> **PROBLEM TO WORK ON**
Below are entries; copy exactly the lines from the one with "ReVIA COLOR 1day メルティベア" through the one with "Dog Licking Girl", both included, and leave out the rest.

> **RECORDS FOR THE TASK**
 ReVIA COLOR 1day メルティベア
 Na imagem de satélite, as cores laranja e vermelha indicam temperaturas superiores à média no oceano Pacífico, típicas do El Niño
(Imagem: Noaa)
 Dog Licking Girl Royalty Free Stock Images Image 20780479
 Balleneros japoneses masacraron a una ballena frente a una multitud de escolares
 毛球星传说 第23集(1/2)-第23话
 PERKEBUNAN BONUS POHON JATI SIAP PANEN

--

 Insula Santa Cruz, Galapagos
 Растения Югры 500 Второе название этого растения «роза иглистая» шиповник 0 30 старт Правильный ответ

> **TASK RESULT**
 ReVIA COLOR 1day メルティベア
 Na imagem de satélite, as cores laranja e vermelha indicam temperaturas superiores à média no oceano Pacífico, típicas do El Niño
(Imagem: Noaa)
 Dog Licking Girl Royalty Free Stock Images Image 20780479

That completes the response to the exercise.